Her mistress, who loved her husband, thought that this was a good thing to try so she told her husband what the girl had said. In turn the man sent messengers to his High King asking permission to visit the girl’s country and to get healed there. The High King also thought this was a good idea as he wanted his best warrior back and fit for battle, so he sent his warrior off to the girl’s old country loaded with gifts to pay for the healing from leprosy. The king of that country (the girl’s real father) thought that this was a trick to start a war, how could anyone cure some one of leprosy? That was impossible! But what could he say to this mighty warrior who was demanding the impossible? The king's servants told him to stop worrying, there was indeed a man of God who was supposed to be able to heal sick people, if they sent the warrior to this man then he might be healed, if not they could blame the man of God for failing.

The warrior with leprosy wasted no time in going off to find the man of God. He pulled up outside the house where the man of God lived with all his horses loaded with gifts. To his surprise, the man of God didn’t bother to come out to see him, he just sent out a servant who told the warrior to wash himself in the local river seven times and then he would be healed. The warrior was angry, the local river was quite dirty, why couldn’t he clean himself in a clean river? But his servants calmed him down. “Look, if this man asked you to kill a dragon to be healed then you would look for a dragon and try to kill it, wouldn’t you?” “All the man of god has asked you to do is an easy and safe thing; why not give it a try?” The warrior could see the sense of this so he humbled himself and did what he was told. And sure enough, the water might have been dirty, but it cleaned up his disease and he was cured again; this meant that he could live with his family and go out to war again. The warrior was so pleased that he went back to give the man of God all the presents, but again the man of god didn’t bother to come out from his house. He sent his servant out to say that as God had healed the warrior, then the warrior should be grateful to God not to the man who just told him what to do. The warrior was very impressed by this honesty and he loaded bags of dirt onto his donkey, so that when he got back home he could always worship God on the soil from God’s favourite country.

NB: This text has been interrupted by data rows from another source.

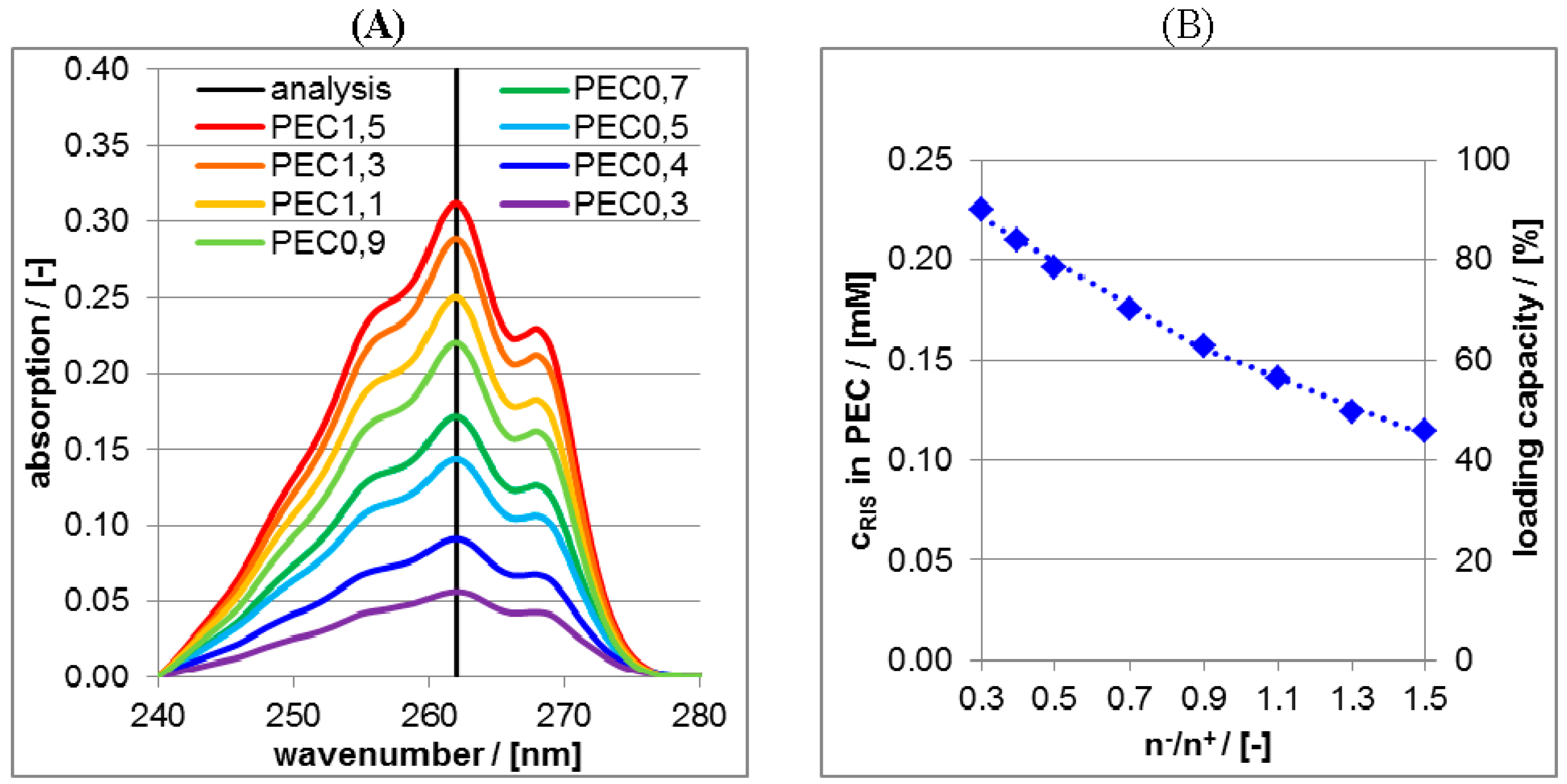 Nanomaterials 06 00053 g006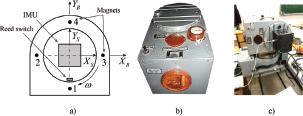 Scheme of the stand of static products (A). uniaxial rotary stand MPU-1 (B) and a test sample, installed on it in a position with a horizontal axis of rotation (C).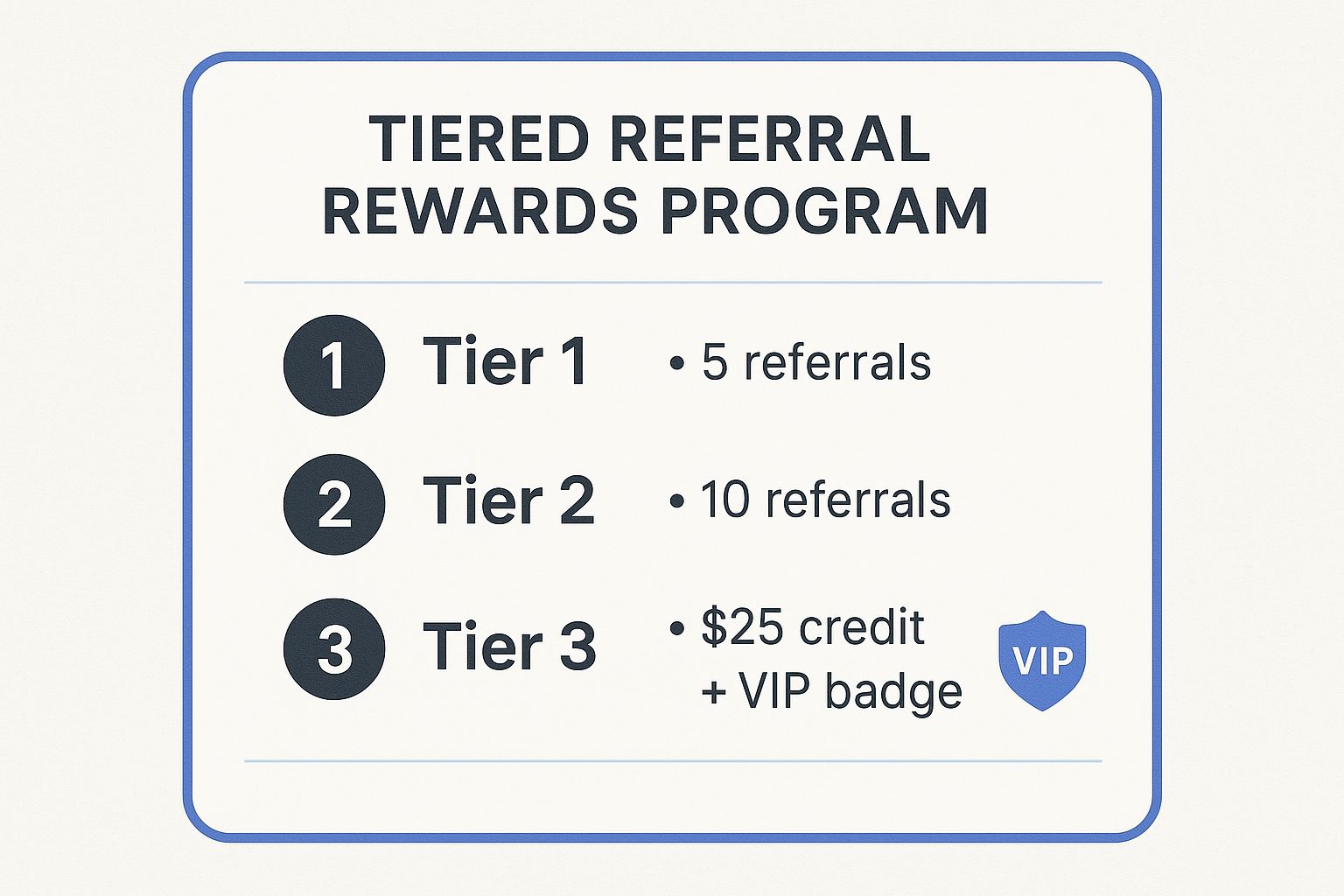 Infographic showing key data about Tiered Referral Rewards Program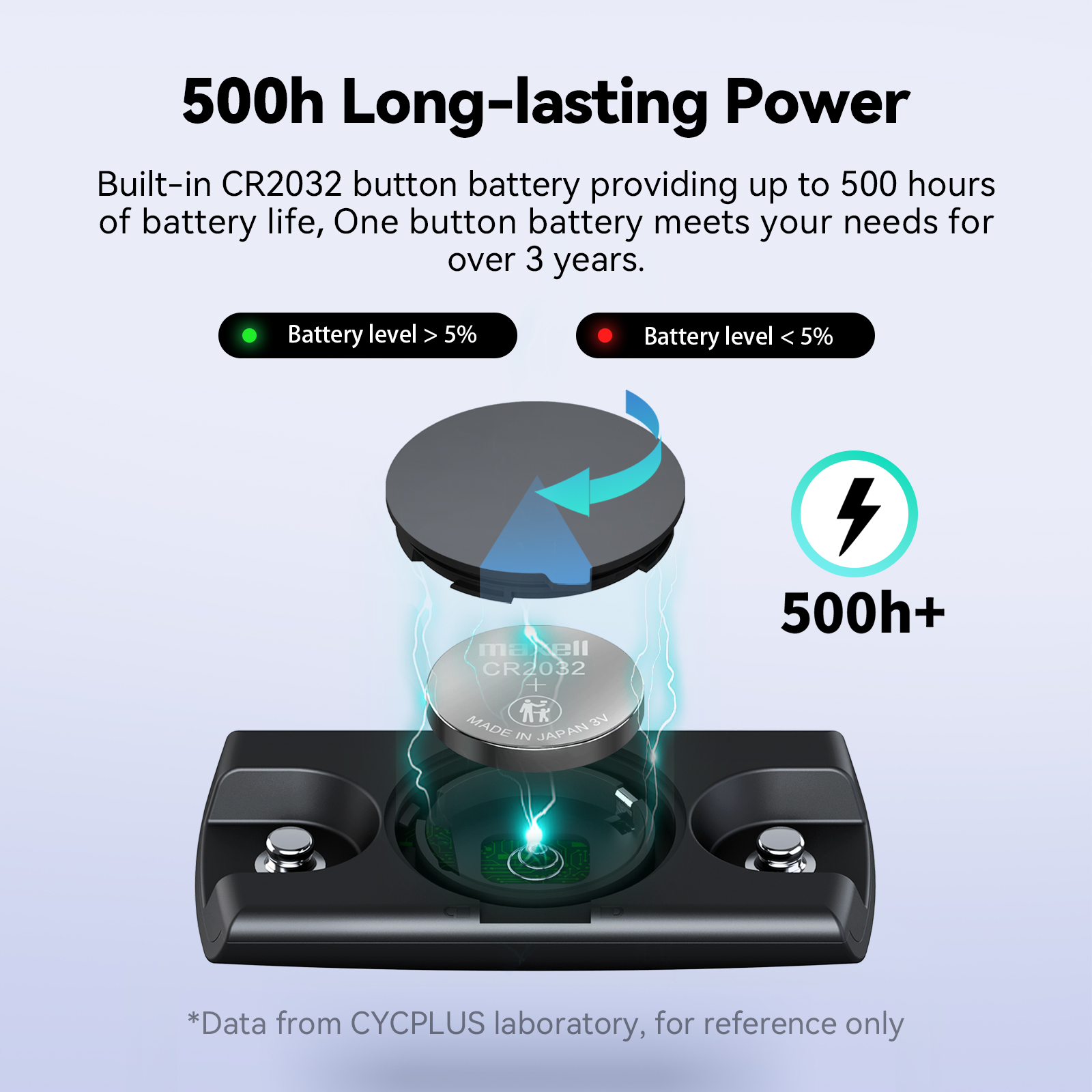 CYCPLUS H2 Heart Rate Monitor  - đánh giá và giá Breath Rate Monitor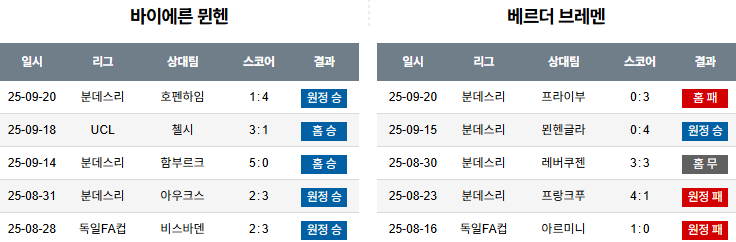 해외축구 경기분석 | 2026년 9월 27일 바이에른 뮌헨 vs 베르더 브레멘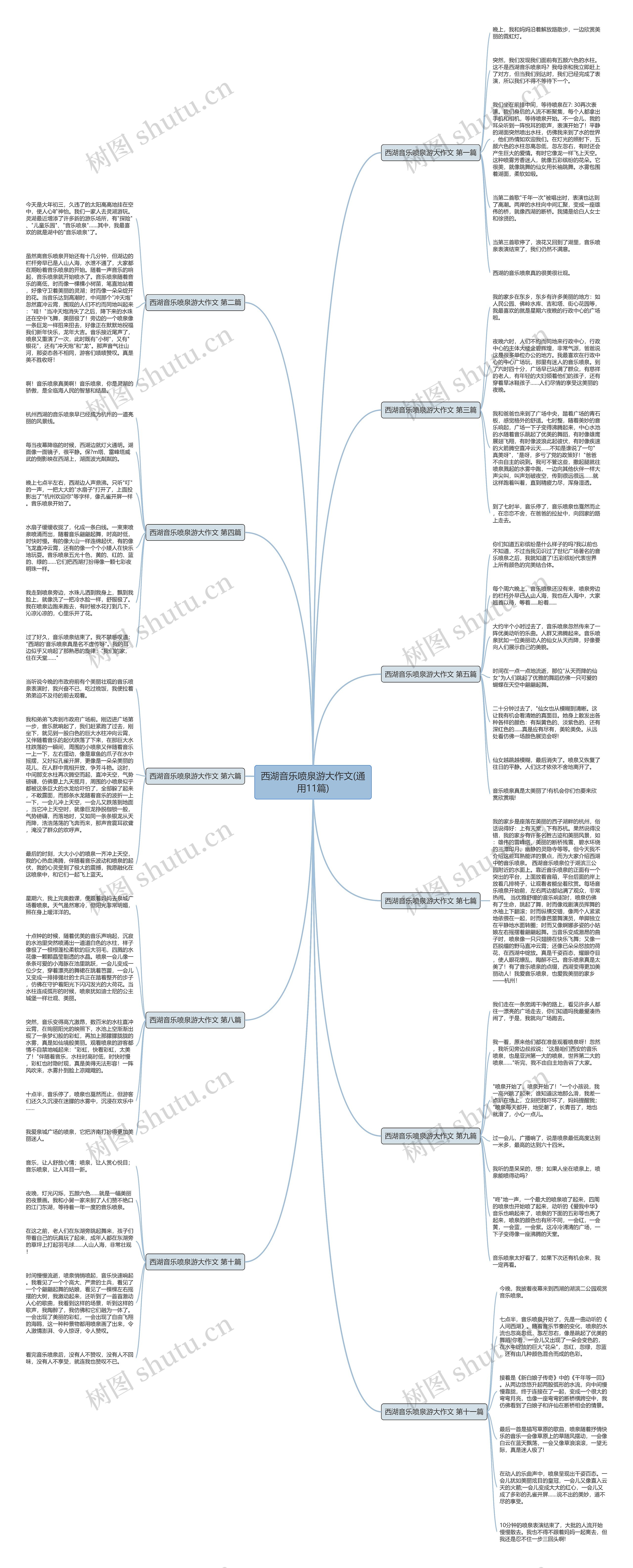 西湖音乐喷泉游大作文(通用11篇)思维导图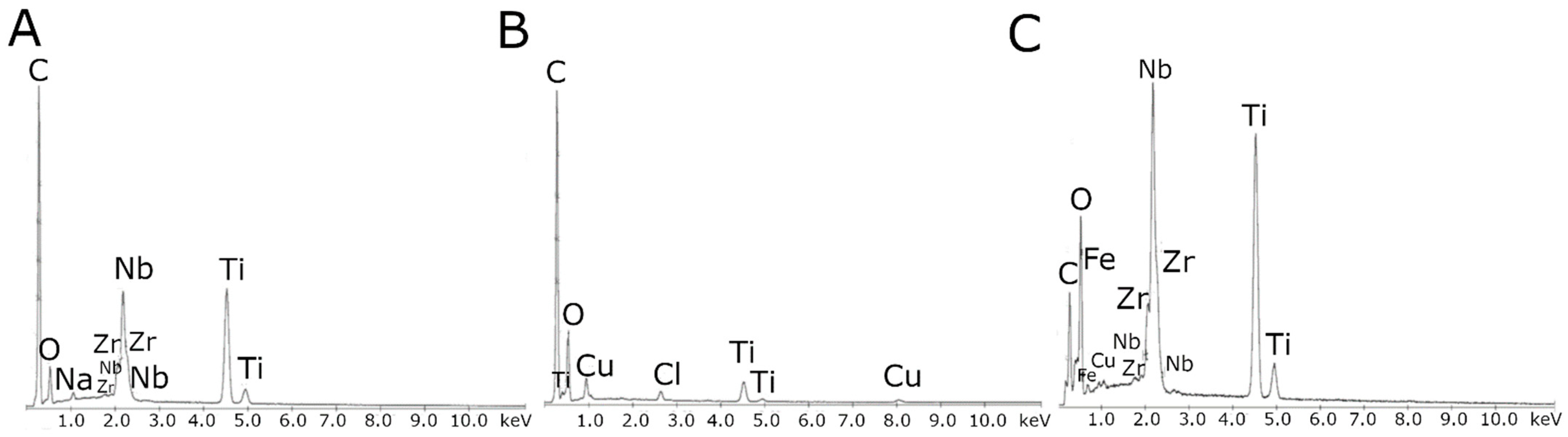 Materials 14 02905 g003 Materials 14 02905 g003
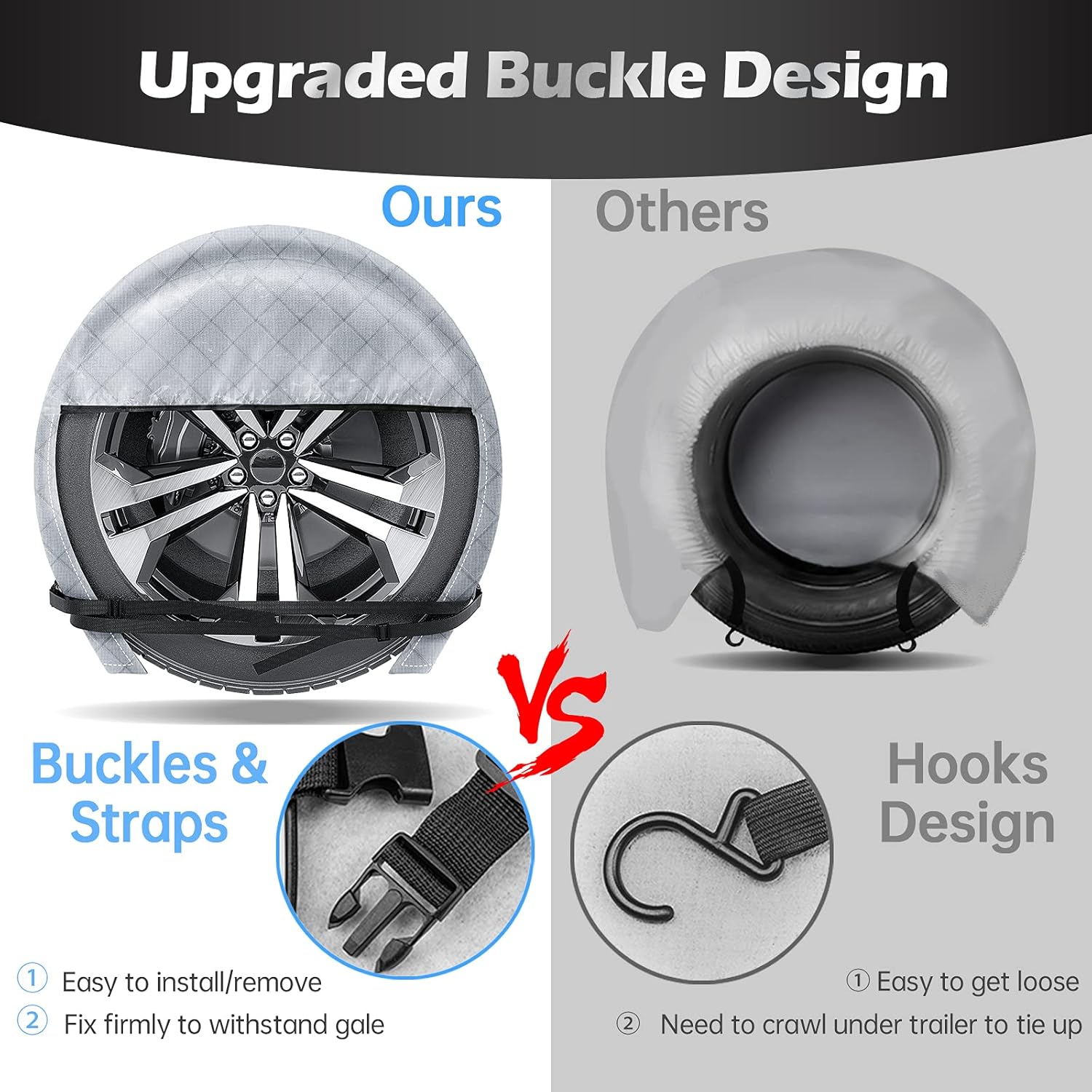 NORTHING Tire Covers, RV Wheel Covers, Sunproof Aluminum Film RV Tire Covers Tire Protectors for Trailer, Camper, Truck, SUV, Motorhome, Universal Fits Tire Diameters 29" to 31.5"(4 Pack) : Automotive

You might think that the slave girl was at least thanked for her good advice that allowed her master to be healed; but she wasn’t, in fact her contribution was forgotten in all the excitement of her master’s return in such good health. A year later her master saw that she was growing up healthy and strong (she had just turned fourteen) and he asked who she was? When he was told that he was his wife’s slave girl he thought that he would give the girl as a wife to one of his trusty officers, who was getting old and lonely and had retired from active fighting. The poor girl had no say in the matter and in a matter of a few weeks she was the wife of this elderly man. It turned out, that even though he had been a fierce warrior he was really a kindly soul at heart and he loved his new wife deeply. He was always kind and gentle to her and really spoiled her by giving her every thing she asked for. He had been badly wounded after fighting in many battles and the girl felt very sorry for him and comforted him as best she could. After a time she grew to love him dearly because his kindness.

About six years later the girl’s elderly husband died of his wounds, but he died happily knowing that he had a loving wife. The husband left his wife well provided for; this means that she had a house and plenty of money to keep her home and have food on her table. After mourning for her husband, she was still quite young, so she married again. This time she was able to choose a nice young man and they raised a happy family.